As the holidays wind down and I reflect on all the events, gatherings, and visitors of the past few weeks, there is a certain sense of unease that has lodged itself in my gut. Never one to second guess myself or overanalyze my interactions with others, I am recently wracked with self-consciousness and a general feeling of awkwardness that I’m convinced is obvious to the outside world. With all my attention to TC 2.0, I have neglected to notice the changes this experience has had on my own personality, or Abby 2.0 as I perhaps should be called.

I can only hope Abby 2.0 is a temporary model, one that will soon be replaced by a sturdier, more self-assured version. After months of nonstop running around, taking care of Jack, coordinating TC’s care, and immersing myself in brain injury literature, I am only now stopping to examine how this has changed me.

I know I am different, even if it hasn’t been detected by everyone yet. I feel like my little family no longer belongs to that greater society in which we once so seamlessly operated. We now belong to the “other” club, the place for people who can’t make long term plans for their future, or schedule a vacation, or even stand in a crowd of people waiting for a table at the Olive Garden. We’re different. We don’t fit a particular mold. We leave people tongue tied when we explain our unusual and tragic situation. We are the people you most definitely do not want to engage at a cocktail party. But that’s okay. You won’t find us at a lot of cocktail parties these days.

I keep trying to smile, fake wittiness, and carry on with life as it once existed, but inside I am fatigued, listless, and quite unsure of how to be the Abby I was before. I am constantly fighting the urge to build a little cocoon around myself, so that I can separate this strange new person from the rest of the world. I wonder if some isolation might let me better heal or if that is simply a justification that is used by the socially anxious.

It’s by far one of the most perplexing feelings I’ve experienced thus far because it is so completely out of synch with who I was before. I used to feel the need to be constantly surrounded by people. I hated missing any social event that promised to be fun. I vowed to be one of those moms who refused to compromise her friendships despite the demands of mothering and marriage.
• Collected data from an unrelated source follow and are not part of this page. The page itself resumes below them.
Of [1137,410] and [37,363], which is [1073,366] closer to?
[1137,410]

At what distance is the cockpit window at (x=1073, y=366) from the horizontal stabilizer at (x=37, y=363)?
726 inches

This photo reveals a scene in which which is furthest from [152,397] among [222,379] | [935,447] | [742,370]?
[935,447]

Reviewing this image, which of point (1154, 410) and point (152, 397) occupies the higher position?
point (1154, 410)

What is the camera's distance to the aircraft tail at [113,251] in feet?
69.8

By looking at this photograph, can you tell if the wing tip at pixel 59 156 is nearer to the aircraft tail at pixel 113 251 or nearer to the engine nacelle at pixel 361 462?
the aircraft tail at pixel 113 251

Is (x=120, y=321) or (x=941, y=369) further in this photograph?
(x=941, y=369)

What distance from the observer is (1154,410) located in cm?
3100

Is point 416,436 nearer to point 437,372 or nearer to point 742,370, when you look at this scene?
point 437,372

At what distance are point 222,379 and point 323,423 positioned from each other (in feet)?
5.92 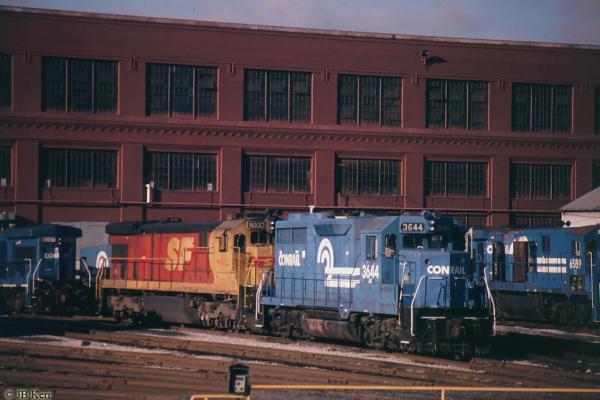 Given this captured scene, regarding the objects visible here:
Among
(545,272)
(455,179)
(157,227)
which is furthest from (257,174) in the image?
(545,272)

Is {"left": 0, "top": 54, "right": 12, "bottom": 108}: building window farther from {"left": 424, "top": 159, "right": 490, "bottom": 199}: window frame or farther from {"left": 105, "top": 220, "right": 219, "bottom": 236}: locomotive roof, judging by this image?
{"left": 424, "top": 159, "right": 490, "bottom": 199}: window frame

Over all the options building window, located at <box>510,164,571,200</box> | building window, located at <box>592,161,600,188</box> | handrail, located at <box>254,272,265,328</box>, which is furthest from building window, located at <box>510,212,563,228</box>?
handrail, located at <box>254,272,265,328</box>

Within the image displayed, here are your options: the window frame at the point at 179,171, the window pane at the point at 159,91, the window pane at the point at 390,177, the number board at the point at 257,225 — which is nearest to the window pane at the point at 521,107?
the window pane at the point at 390,177

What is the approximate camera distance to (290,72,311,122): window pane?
45125 mm

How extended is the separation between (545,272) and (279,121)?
57.7 feet

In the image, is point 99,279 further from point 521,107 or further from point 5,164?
point 521,107

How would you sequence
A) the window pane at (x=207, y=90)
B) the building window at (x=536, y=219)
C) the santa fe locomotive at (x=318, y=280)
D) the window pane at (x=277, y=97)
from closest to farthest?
the santa fe locomotive at (x=318, y=280)
the window pane at (x=207, y=90)
the window pane at (x=277, y=97)
the building window at (x=536, y=219)

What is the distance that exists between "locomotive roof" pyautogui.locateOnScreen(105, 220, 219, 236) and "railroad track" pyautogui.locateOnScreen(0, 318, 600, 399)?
5.35 m

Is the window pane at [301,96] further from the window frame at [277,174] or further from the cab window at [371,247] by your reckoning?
the cab window at [371,247]

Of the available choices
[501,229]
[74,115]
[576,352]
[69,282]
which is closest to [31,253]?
[69,282]

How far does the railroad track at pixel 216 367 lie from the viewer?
16906 mm

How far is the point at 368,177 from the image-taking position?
Result: 151ft

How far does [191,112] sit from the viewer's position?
43938 mm

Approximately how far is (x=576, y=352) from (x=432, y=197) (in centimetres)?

Now all I want is an ocean between my family and the rest of the universe so that I don’t have to be so acutely aware of how strange we are. I know this is a phase. I know as we move forward I will continue to transform in ways that are currently unforeseeable. As I ponder New Year’s resolutions and determine which might be appropriate for me, I have so many ideas that I struggle to pinpoint only a few. So I am keeping my resolution simple: keep changing. Accept that Abby 2.0 isn’t your best self or the person you are destined to be. She is only one prototype in a journey that is destined to bring greater knowledge and deeper understanding. Find a way to live with your current imperfections and just keep changing.
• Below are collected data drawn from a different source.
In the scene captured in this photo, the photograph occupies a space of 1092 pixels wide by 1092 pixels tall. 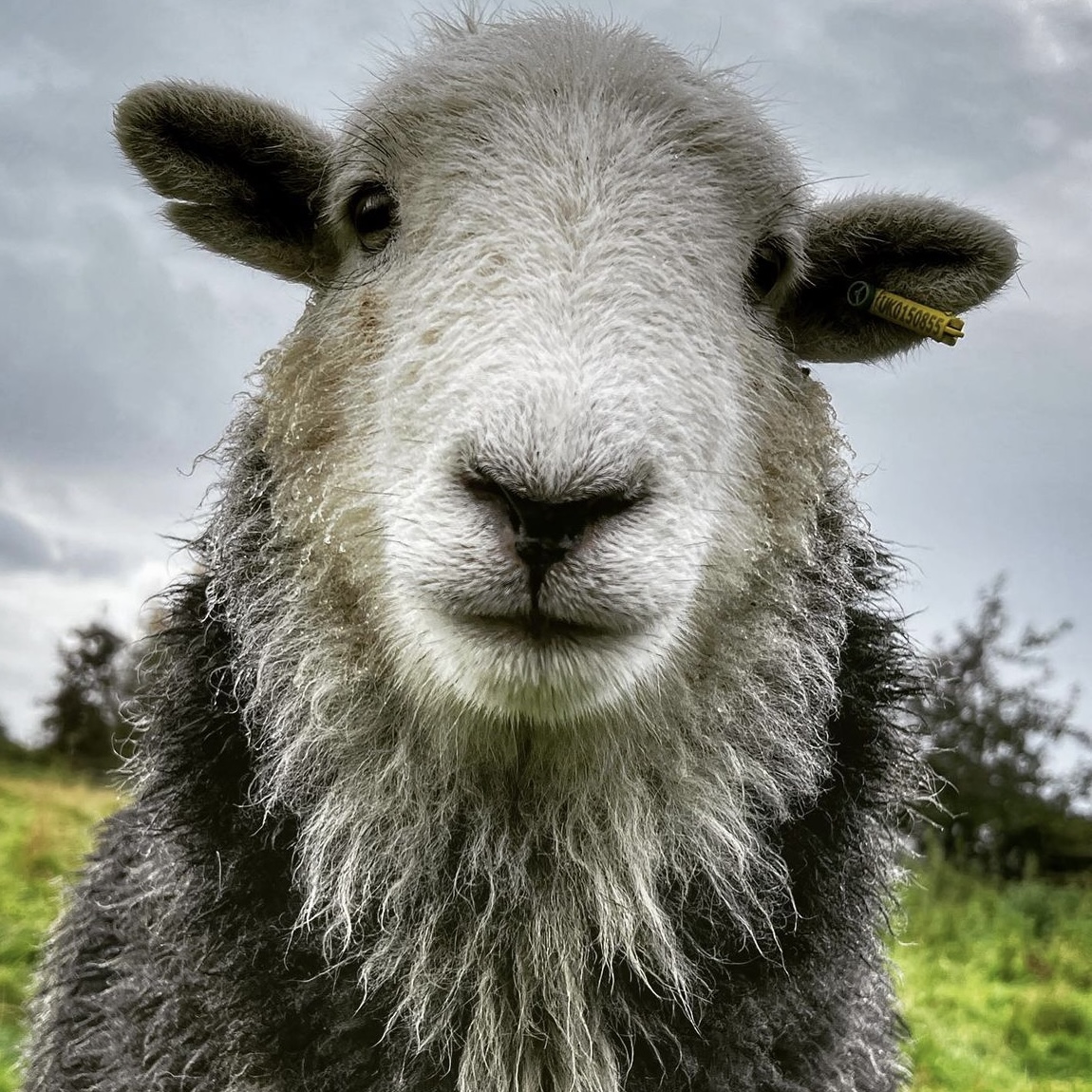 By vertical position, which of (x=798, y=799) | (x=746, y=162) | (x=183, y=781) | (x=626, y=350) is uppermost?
(x=746, y=162)

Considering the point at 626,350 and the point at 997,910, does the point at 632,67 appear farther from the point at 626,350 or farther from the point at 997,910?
the point at 997,910

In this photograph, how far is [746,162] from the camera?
10.2 feet

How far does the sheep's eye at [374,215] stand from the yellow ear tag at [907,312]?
1416 millimetres

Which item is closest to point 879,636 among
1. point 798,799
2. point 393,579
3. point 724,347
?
point 798,799

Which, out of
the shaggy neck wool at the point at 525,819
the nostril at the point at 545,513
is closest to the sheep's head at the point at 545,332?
the nostril at the point at 545,513

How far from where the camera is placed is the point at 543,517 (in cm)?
208

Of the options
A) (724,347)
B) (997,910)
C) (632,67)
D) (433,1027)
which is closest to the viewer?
(433,1027)

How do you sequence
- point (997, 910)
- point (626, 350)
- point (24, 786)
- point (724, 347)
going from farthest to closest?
point (24, 786) < point (997, 910) < point (724, 347) < point (626, 350)

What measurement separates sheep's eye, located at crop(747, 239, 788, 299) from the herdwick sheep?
0.01 m

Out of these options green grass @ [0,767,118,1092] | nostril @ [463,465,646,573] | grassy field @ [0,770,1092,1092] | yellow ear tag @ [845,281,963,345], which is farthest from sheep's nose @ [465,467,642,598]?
green grass @ [0,767,118,1092]

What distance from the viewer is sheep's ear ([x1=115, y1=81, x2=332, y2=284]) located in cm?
317

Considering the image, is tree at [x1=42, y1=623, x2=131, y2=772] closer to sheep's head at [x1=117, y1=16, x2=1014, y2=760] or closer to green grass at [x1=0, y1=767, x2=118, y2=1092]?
green grass at [x1=0, y1=767, x2=118, y2=1092]

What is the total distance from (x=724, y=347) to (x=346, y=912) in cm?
167

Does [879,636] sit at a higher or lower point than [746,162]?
lower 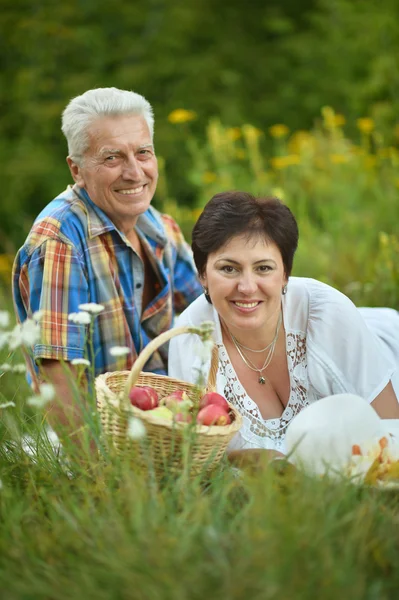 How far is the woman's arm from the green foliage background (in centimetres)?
455

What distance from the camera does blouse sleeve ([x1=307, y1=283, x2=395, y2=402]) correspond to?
123 inches

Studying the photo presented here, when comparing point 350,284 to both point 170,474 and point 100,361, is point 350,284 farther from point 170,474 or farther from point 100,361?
point 170,474

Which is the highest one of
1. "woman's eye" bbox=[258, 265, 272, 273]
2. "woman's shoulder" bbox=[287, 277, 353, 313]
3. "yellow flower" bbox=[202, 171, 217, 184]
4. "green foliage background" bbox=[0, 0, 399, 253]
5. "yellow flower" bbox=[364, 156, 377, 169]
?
"green foliage background" bbox=[0, 0, 399, 253]

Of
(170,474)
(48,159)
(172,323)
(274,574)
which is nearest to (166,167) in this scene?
(48,159)

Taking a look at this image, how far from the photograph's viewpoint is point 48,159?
793 cm

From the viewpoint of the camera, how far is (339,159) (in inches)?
225

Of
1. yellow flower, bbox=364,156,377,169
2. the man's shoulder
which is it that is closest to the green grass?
the man's shoulder

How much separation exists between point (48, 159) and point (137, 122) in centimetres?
465

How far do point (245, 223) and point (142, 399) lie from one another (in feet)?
2.60

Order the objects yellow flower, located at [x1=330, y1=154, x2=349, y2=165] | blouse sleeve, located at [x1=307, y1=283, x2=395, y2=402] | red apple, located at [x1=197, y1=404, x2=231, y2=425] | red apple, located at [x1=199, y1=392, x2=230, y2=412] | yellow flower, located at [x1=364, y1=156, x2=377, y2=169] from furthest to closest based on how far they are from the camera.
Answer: yellow flower, located at [x1=364, y1=156, x2=377, y2=169]
yellow flower, located at [x1=330, y1=154, x2=349, y2=165]
blouse sleeve, located at [x1=307, y1=283, x2=395, y2=402]
red apple, located at [x1=199, y1=392, x2=230, y2=412]
red apple, located at [x1=197, y1=404, x2=231, y2=425]

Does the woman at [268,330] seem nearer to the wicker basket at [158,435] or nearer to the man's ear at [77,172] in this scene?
the wicker basket at [158,435]

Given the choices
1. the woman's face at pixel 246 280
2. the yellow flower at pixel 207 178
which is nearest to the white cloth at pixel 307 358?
the woman's face at pixel 246 280

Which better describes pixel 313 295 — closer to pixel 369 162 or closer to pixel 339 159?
pixel 339 159

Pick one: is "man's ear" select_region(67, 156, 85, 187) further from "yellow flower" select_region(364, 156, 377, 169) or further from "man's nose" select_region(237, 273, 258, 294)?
"yellow flower" select_region(364, 156, 377, 169) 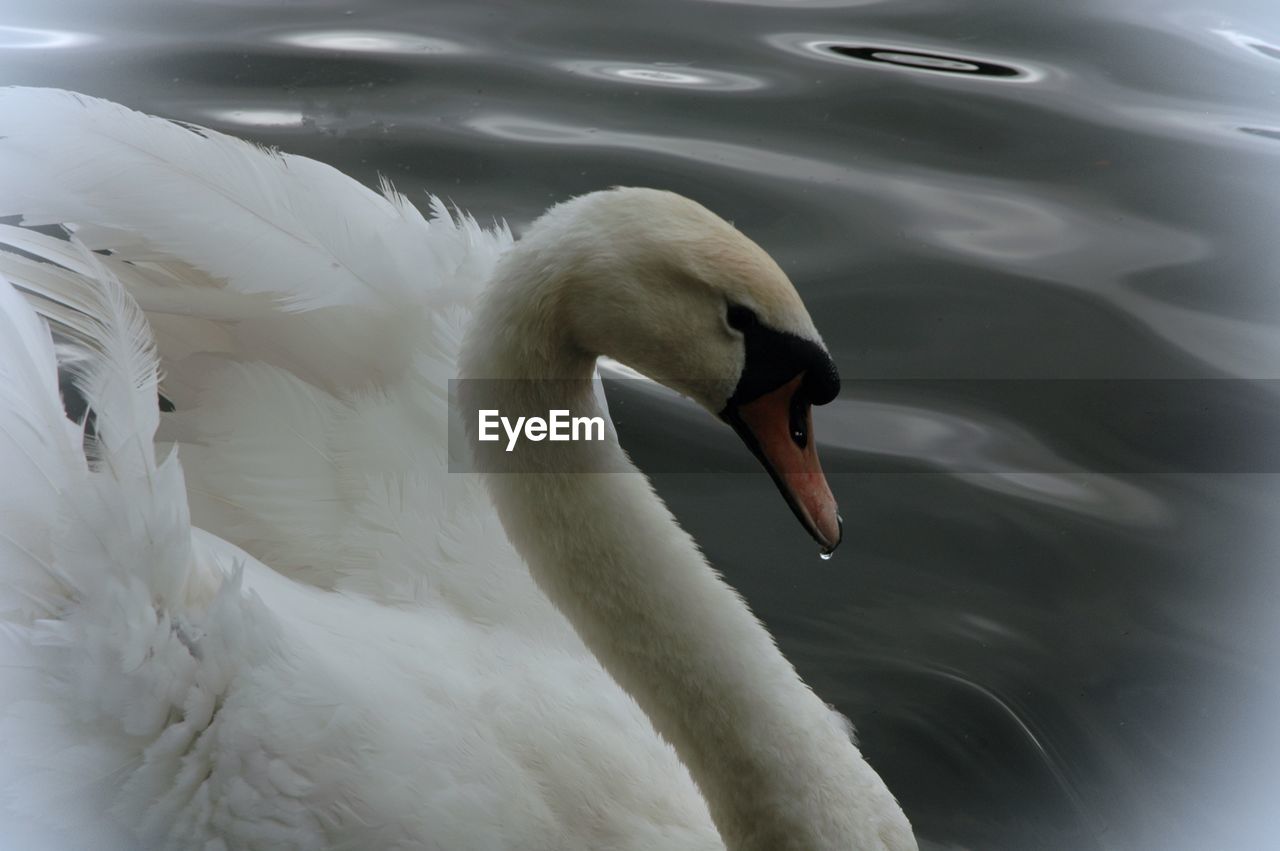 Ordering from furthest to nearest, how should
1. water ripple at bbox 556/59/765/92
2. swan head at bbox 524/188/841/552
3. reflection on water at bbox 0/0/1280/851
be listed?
water ripple at bbox 556/59/765/92
reflection on water at bbox 0/0/1280/851
swan head at bbox 524/188/841/552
We are all such works in progress, yet we tend to approach life as if we might be able to put that final brushstroke on the masterpiece that is ourselves. I’ve learned enough over the past year to understand that it doesn’t work like that. We are constantly in motion, often unsatisfied, and searching for more. And while I am no exception to any of the above, I am beginning to see the value in change itself. This year I’m not working toward any specific vision of myself. I just want to stay in motion.